DISTRIBUTION: Dağılım. Bir ürünün satıldığı noktaların toplam nokta sayısına bölünmesine Nümerik, o ürünü bulunduran noktaların toplam kategori satışından aldığı paya ise ağırlıklı dağılım denir.

DISTRIBUTOR: Bir sektörden sadece bir firmanın ürünlerini, o bölgenin tek yetkili satıcısı olarak satan ve genelde son perakende noktaya direkt ulaşan toptancı.

DOOR TO DOOR SAMPLING: Kapıdan kapıya numune dağıtımı.

DOWNSCALE: Alt sosyo-ekonomik sınıfları tanımlamak için kullanılır.

DRY RUN: Prova. Genellikle eğitim programlarını hazırlarken, eksiklikleri baştan görebilmek için özel bir grupla yapılan ilk tur(bedeva)

DUMMY: Ürün veya reklam kahramanının canlı veya cansız, büyük boy maketi.

EDITORIAL: Herhangi bir medyada, editör, yönetici veya patronların halkı ilgilendiren bir konuda görüş bildirdiği yazı veya program.

EMOTIONAL BENEFIT: Duygusal fayda. Ürünümüzü kullanan tüketicinin neler hissedeceği.

END BENEFIT: Son fayda. Nihai duygusal fayda.

ENDORSEMENT: Kabul görmüş bir otoritenin bir ürünün kullanımını onaylaması ve önermesi.

EVENTS MARKETING: Etkinlik pazarlaması. Genellikle sponsorluk şeklinde, bir promosyonu bir etkinliğe bağantılandırma.

EVERYDAY LOW PRICE: Bir ürün için, tüketici promosyonlarından vazgeçip aradaki farkı fiyata yansıtma ve ürünün fiyatını kalıcı olarak düşürme. Düşük fiyat politikasına geçiş.

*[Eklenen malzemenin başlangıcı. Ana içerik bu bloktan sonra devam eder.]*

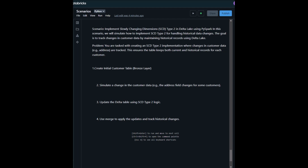Hello. In this scenario we want to implement SCD — Slowly Changing Dimension — Type 2 in Delta Lake using PySpark. We will simulate how to implement SCD Type 2 for handling historical data changes. The goal is to track changes in customer data by maintaining historical records using Delta Lake.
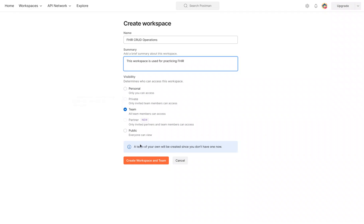You can leave the defaults as they are. You can always make it private and personal later on, or share it with the team.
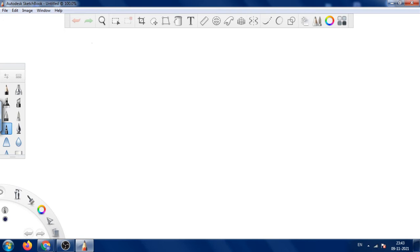Hello everyone. In this video we will see how to write the binary equivalent for the 2-variable, 3-variable and 4-variable Karnaugh maps.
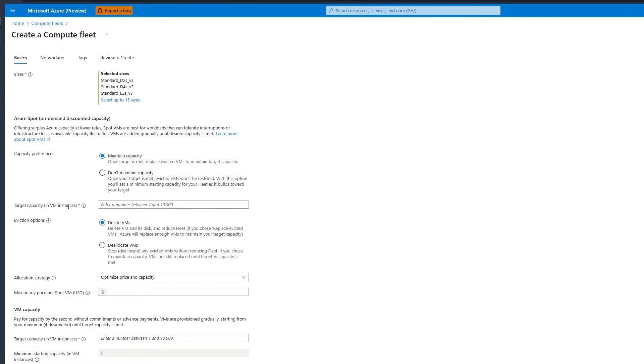The next step is to configure the spot VMs. Set Capacity preferences to maintain capacity. This ensures that if a spot VM is evicted due to pricing or capacity issues, the fleet will automatically replace the evicted VM with an alternate VM size to maintain target capacity.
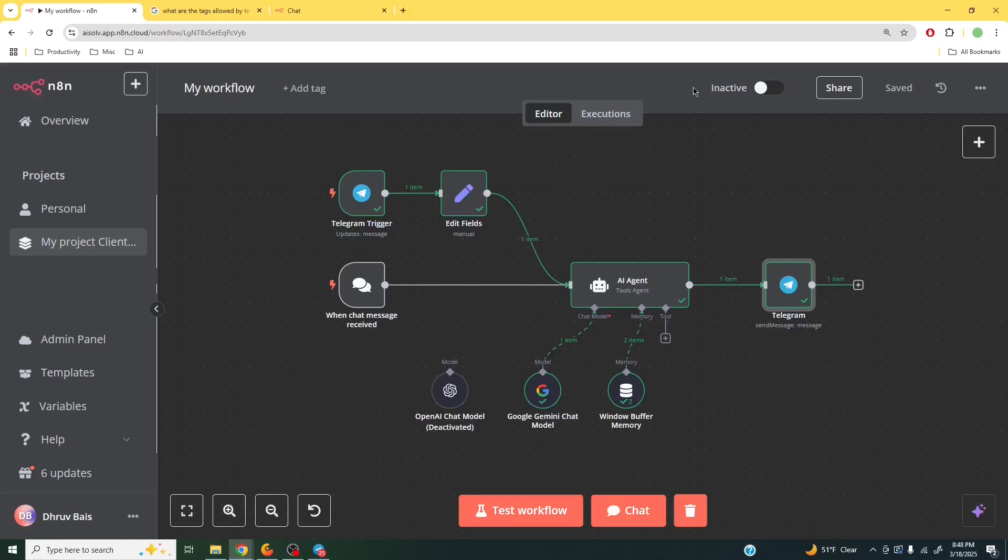And in the next video, I'm going to be continuing down the process of making our AI agent more multi-channel, because currently we are only able to send and receive messages via Telegram. The chat message route is no longer active.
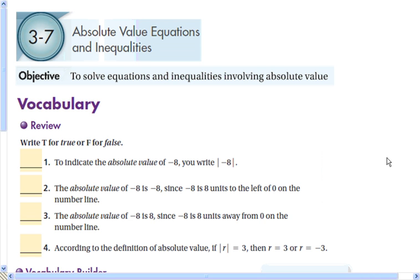Hey class, this is Lesson 3-7: Absolute Value Equations and Inequalities. You will learn to solve equations and inequalities involving absolute value.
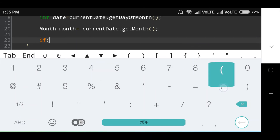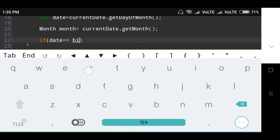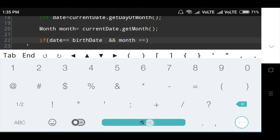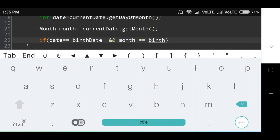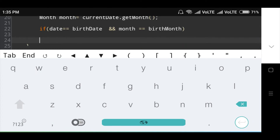Then next condition: if date equals birth date, and here I will use an operator, then month equals birth month. I will use an if-else statement to check if the current date matches the birth date. If true, the happy birthday message is printed; otherwise if false, the today is not my birthday message is printed.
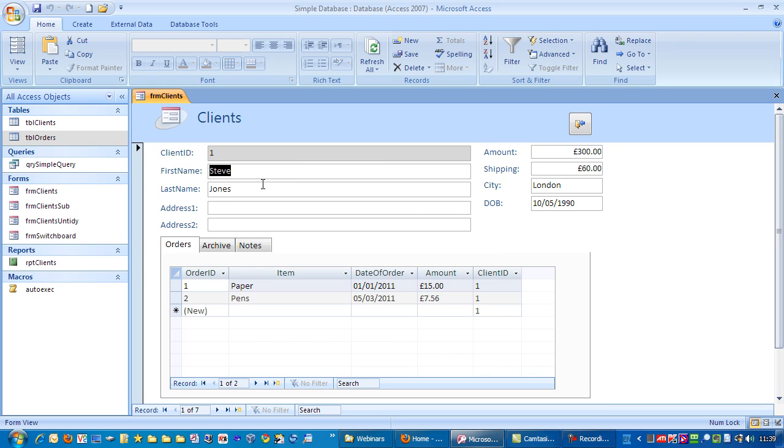And there we have it, we've got the main form here and a subform over here. Thank you.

EXECUTION: Uygulama. Reklam mesajının hangi yöntem , gereç ve tekniklerle iletileceğinin ifadesi.

EXPOSURE: Bir kişinin reklam ve promosyona muhatap olması. TV izlerken veya gazete okurkenkarşılaşması.

FACING: Yüz sayısı. Bir sırada üst üste üç ürün dizilse de "bir yüz" sayılır.

FEATURE: Perakendeci tarafından bir ürün için yapılan promosyonlar.(teşhir, fiyat,..)

FEE(BASIS): Reklamverenin ajans komisyonunu, yayınlanan reklam miktarından bağımsız olarak dönemsel sabit miktarda ödemesi.

FEEDBACK: İzleyiciden reklam yapan kimseye veya iletişim aracına , reklam yada başka bir konu ile ilgili olarak gelen anlamlı karşılık, tepki.

FLIGHT: Reklamın arfa verilmeden yayında kaldığı süreyi belirten bir medya planlama terimi.

FLOOR STAND: Kendi kendine ayakta duran, perakende noktalarda ürün sergilemekte kullanılan standlar.

FLOP: Başarısızlığa uğramış bir girişim.

FLOWCHART: Yıllık medya planının şematik gösetirimi.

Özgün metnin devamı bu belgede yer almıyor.